“Does anybody have a digital camera I can use?” he asked. “Man, you guys look so cool.” And, just like that, our very own D.W. had spun hipsterdom on its own sarcastic head. “Just so you know, the book’s name and introduction are bullshit. If you didn’t get that, well then, you didn’t get the book.”
The evening started with an introduction given by Matthew Clark Davison, Fourteen Hills Literary Magazine’s advisor and lecturer at San Francisco State University. Fourteen Hills Editor-in-Chief Christopher Hayter described the Michael Rubin Book Award, which is awarded to one SFSU creative writing student each year, and emphasized how hard Lichtenberg worked to write, edit, and market his own work.

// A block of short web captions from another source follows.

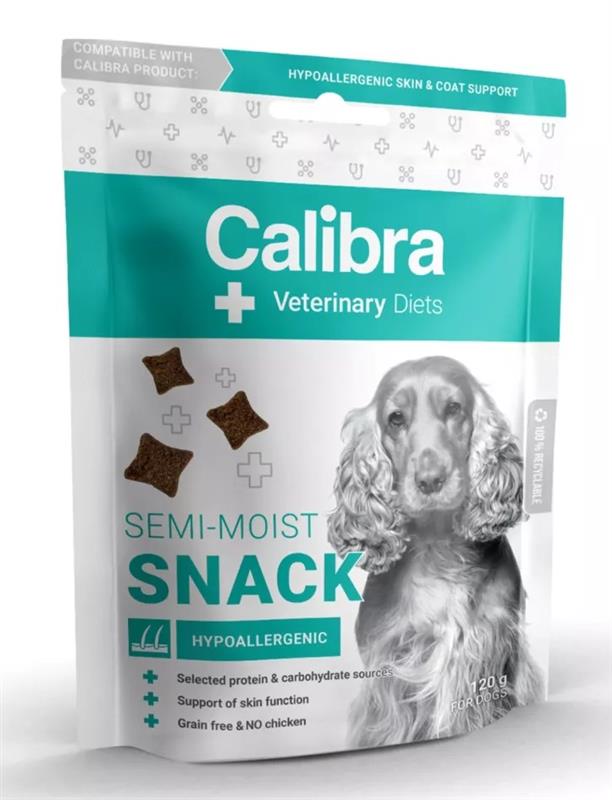 Calibra VD Dog Snack Hypoallergenic 120g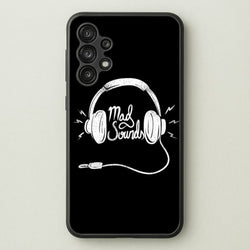 Mad Sounds  - Arctic Monkeys Phone Case for Galaxy A13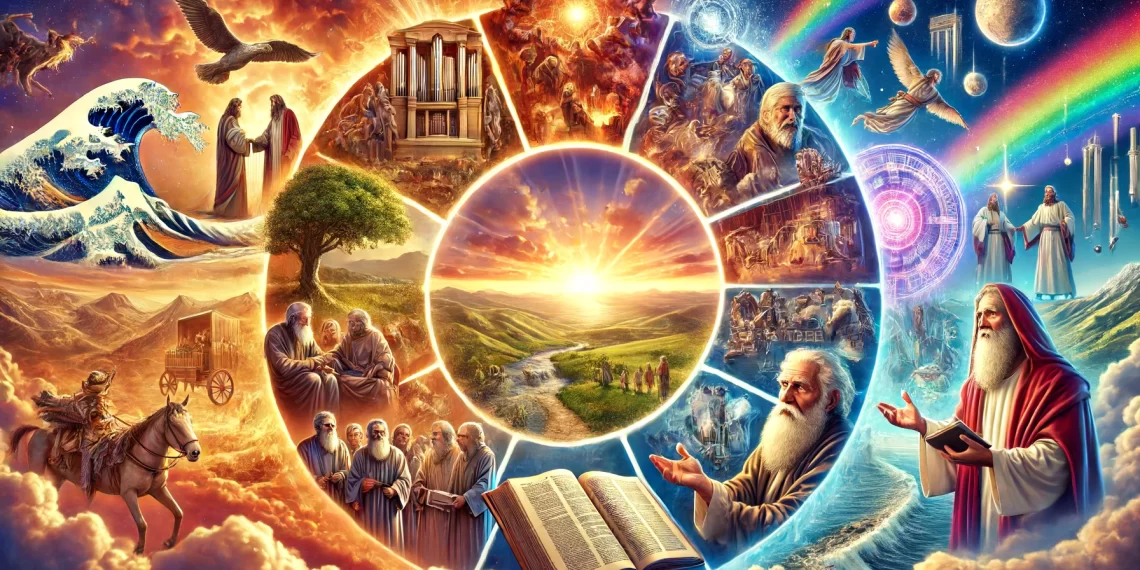 BIB 601: Theological Themes in the Old Testament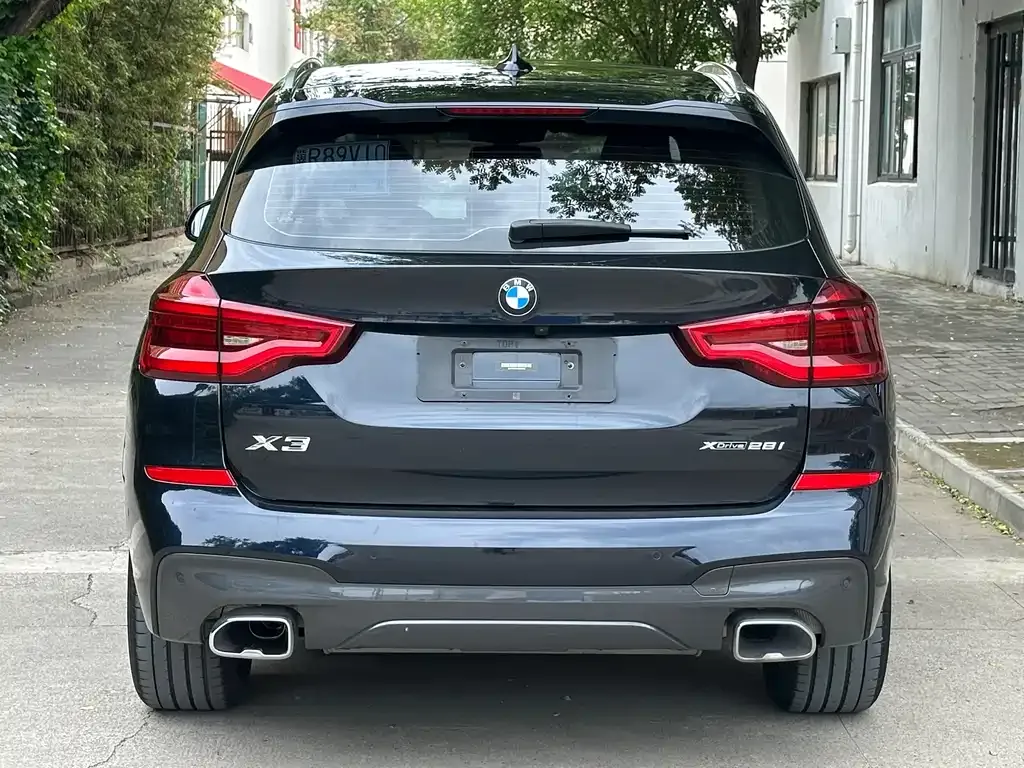 BMW X3 — фото 3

“This guy is a marketing whiz,” Hayter said. “He wrote the book while living in New York, and since then has created his own website, found his own illustrator, designed the book’s layout, and lined up readings both in California and on the East Coast. If you want to learn anything about writing your own book and getting it out there, buy Dan a beer and get his thoughts.”
Other presenters included fellow poetry editor Tera Ragan, who introduced poet Tess Patalano. Patalano, who is in her second year at SFSU's creative writing program, shared a series of poems, including a pantoum about a renegade bull at an illicit New York rodeo. She was followed by Fourteen Hills contributor Truong Tran, who is a poet, visual artist, and teacher. Lichtenberg worked as a teaching assistant in Tran’s Poetry Workshop last year, and so Tran decided to honor him in two ways: first, with a new baseball cap, and second, with a piece called A Mix Tape For Daniel Lichtenberg.
“I wanted to gather a mix tape that spoke to this new generation of writers,” said Tran after the event. “Dan is a part of that generation.”
When asked how he felt about working with Lichtenberg on the book, Gerbstadt replied that he was “...so honored that he picked me for the cover, and that I got to come all the way out here for his first reading.” Gerbstadt survived a harrowing accident with a semi, which Lichtenberg references in Poem for Dave Gerbstadt.
“Next time I see him, I am gonna give him a high five,” Lichtenberg read from the poem as he walked across the floor to the artist and offered him his hand.
All in all, The Ancient Book of Hip release party was a rousing success. By the end of the night, the Space Gallery was teeming with Lichtenberg’s supporters in sunglasses, eagerly buying Gerbstadt’s art right off the walls. And this was just the first in a series of reading events Lichtenberg has planned from coast to coast; for more information on future readings, check out his website.
Something tells us that this is just the beginning of something far hipper than even D.W.L. has yet to imagine.